It may be that a computer with the ability to hold a freeform
conversation/"advanced AI" is not necessary to do the social engineering you
mentioned earlier.

------
hagbardceline
I assume you mean AI in the sense of powerful machine learning systems - one
would think if we consider a general AI, you might consider rephrasing the
question along the lines of 'What if an advanced AI behaves unethically'? (If
you get my point there...)

First, I think you need a way to define 'ethics' and 'morals', with a
'ontology' and a 'epistemology' to derive a metaphysic for the system (and for
my $.02, aesthetics arises from here). Until we can have a bit of rigor
surrounding this, it's a challenge to discuss ethics in the context of an AI,
and AI in the context of the metaphysical stance it takes towards the world.

To quickly illustrate - comments below discuss encoding race or gender bias
(for example). I think this is a metaphysical problem (application of Wisdom
to determine correct action) that we mistake for an epistemic issue (it came
from 'bad' encoding).

Next, after we get some rigor surrounding the ethical stances you consider
'good' vs. 'bad' in the context of a metaphysic - you have to consider 'who'
is using the system unethically.

Unless you have clarity here, it becomes extremely easy to befuddle, confuse,
or mislead (innocently or not) questions regarding 'who'.

\- Who can answer for the 'Scope' or strategic context (CEO, Board of
Directors, General Staff, Politburo, etc.)

\- Who in 'Organizational Concepts' or 'Planning' (Division Management,
Program Management, Field commanders, etc)

\- Who in 'Architecture' or 'Schematic' (Project Management, Solution
Architecture, Company commanders, etc)

\- Who in 'Engineering' or 'Blueprints' (Team Leaders, Chief Engineers, NCO's,
etc.)

\- Who in 'Tools' or 'Config' (Individual contributors, Programmers, Soldiers,
etc.)

that constructed the AI.

Then you need to ask which person, group, or combination (none dare call it
conspiracy!) of these actors used the system in an unethical manner? Might
'enabled for use' be culpable as well - and is that a programmer, or an
executive, or both?

What I'm getting at here, is that there is both a lack of rigor in such
questions (in general in this entire area - it's not like it is your fault), a
challenge in defining ethical stances in context (which I argue requires a
metaphysic), and a lack of clarity in understanding how such systems come to
creation ('who' is only one interrogative that needs to be answered, after
all).

I would say that until and unless we have some sort of structure and standard
to answer these questions, it might be beside the point to even ask...

And not being able to ask leads us to some uncomfortable near-term
consequences. If someone does use such a system unethically - how can our
system of retributive justice determine the particulars of who to hold
accountable, what went wrong, how it was accomplished (in a manner hopefully
understandable by lawmakers, government/corporate/organizational leadership,
other implementers, and one would think - the victims), understand why it
could be used this way, and if it could happen again - just for starters.
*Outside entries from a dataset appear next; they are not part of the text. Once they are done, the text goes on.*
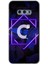 Samsung Galaxy S10E Kılıf Hd Desen Baskılı Arka Kapak + Temperli Cam - Dark Neon Yaprak C Harfi 1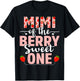 Mimi Of The Berry Sweet One Birthday Strawberry Mimi T-Shirt - T-Shirt | Black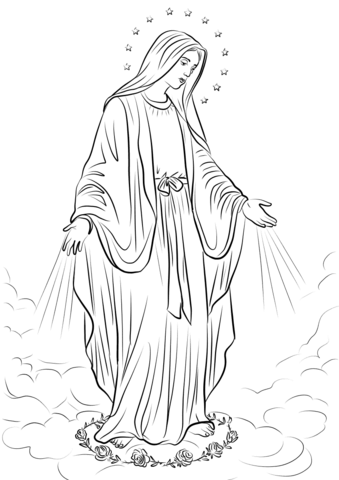 Our lady of grace coloring page free printable coloring pages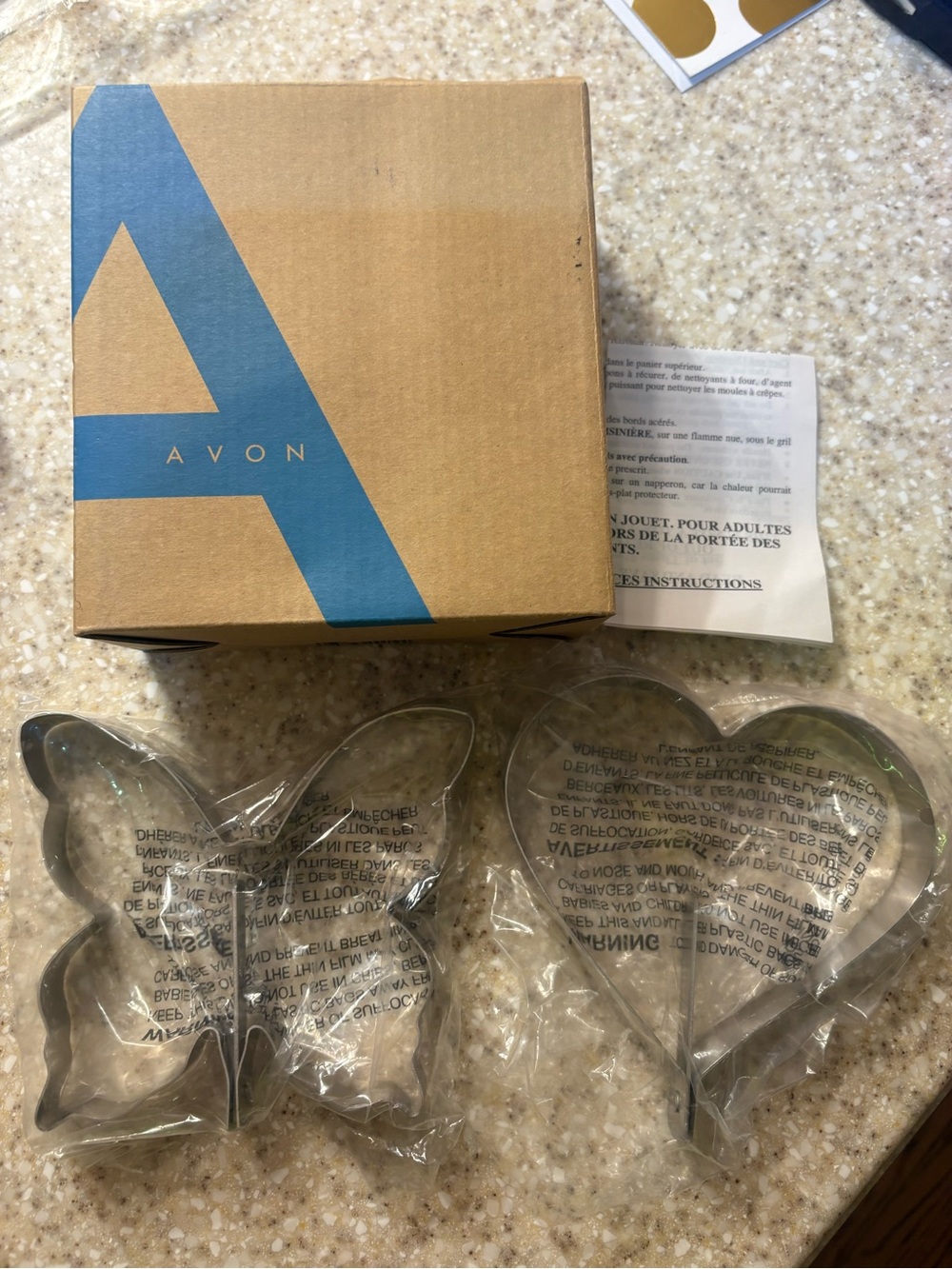 2- Avon Clear Butterfly & Heart Cookie Cutters - Transparent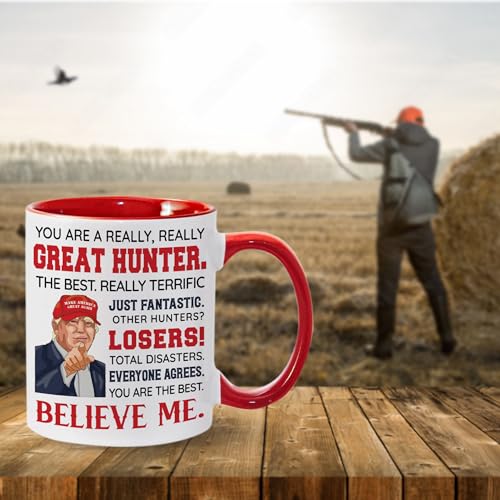 Hunting Gift Mug for Men - Deer & Outdoor Enthusiasts - Red 11Oz Ceramic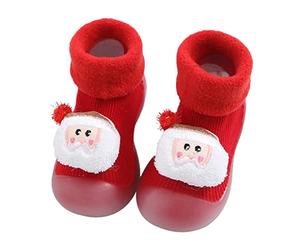 Noël Bébé Fille Bottes Chaussures, Chausson De Gym Princesse Boots Garçon Chaussettes Chaudes Force One Enfant Chaussons 4 (Rouge, 24)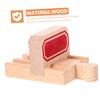 KOMBIUDA 2Pcs Wooden Train Track Stop Accessory DIY Assemble Blocks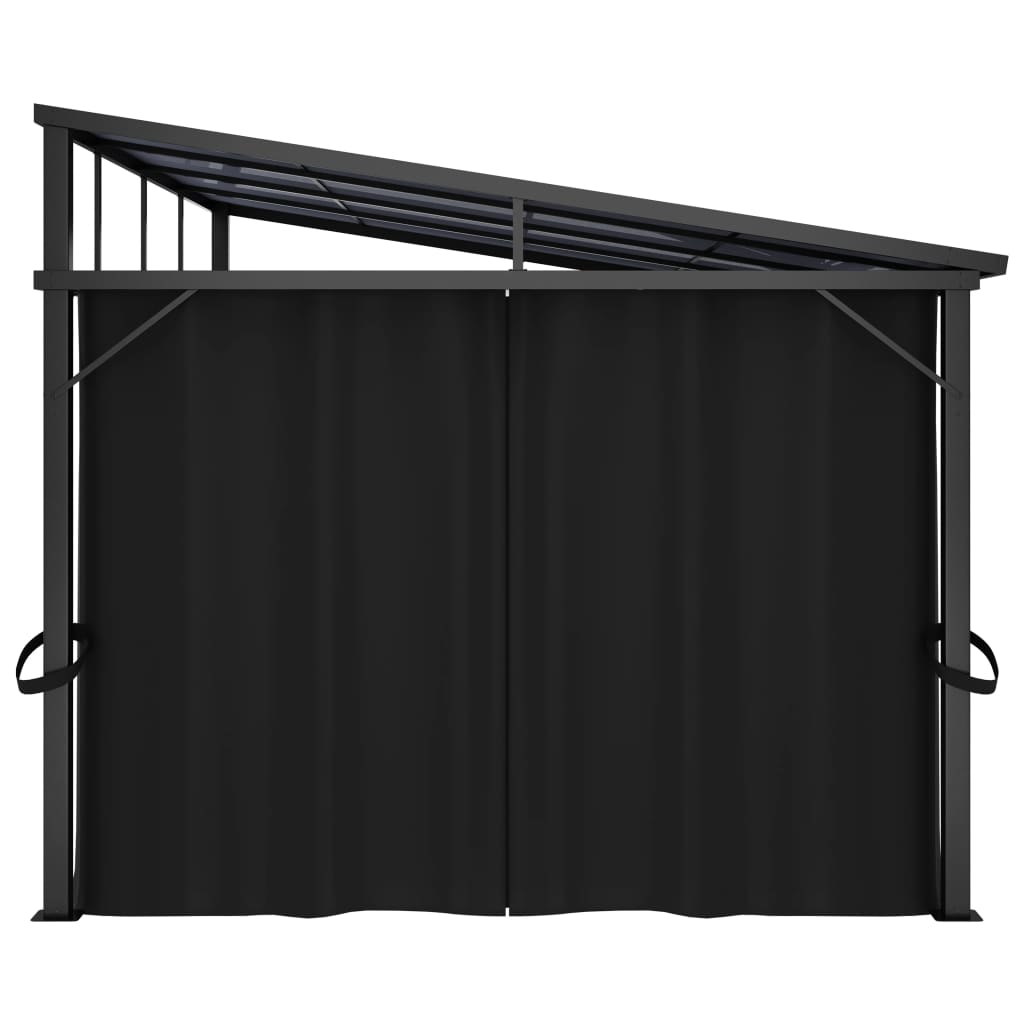 Pavillon Mit Vorhängen 405X294X244 Cm Anthrazit
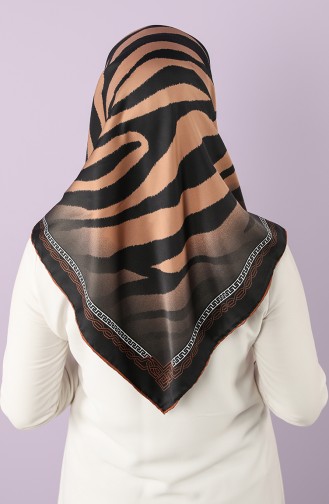 Zebra Desen Twill Eşarp 70171-05 Açık Kahve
The sum total of ignorance surrounding such a question points to a serious
problem in how society overall - and then down to the individuals creating and
using such tech - is dealing (or rather, not dealing) with this vital issue.
We need to start talking along these lines in order to stake out the playing
field for everyone _NOW_ , so we actually might have time to address these
things, before the alien pops right up and runs across the kitchen table.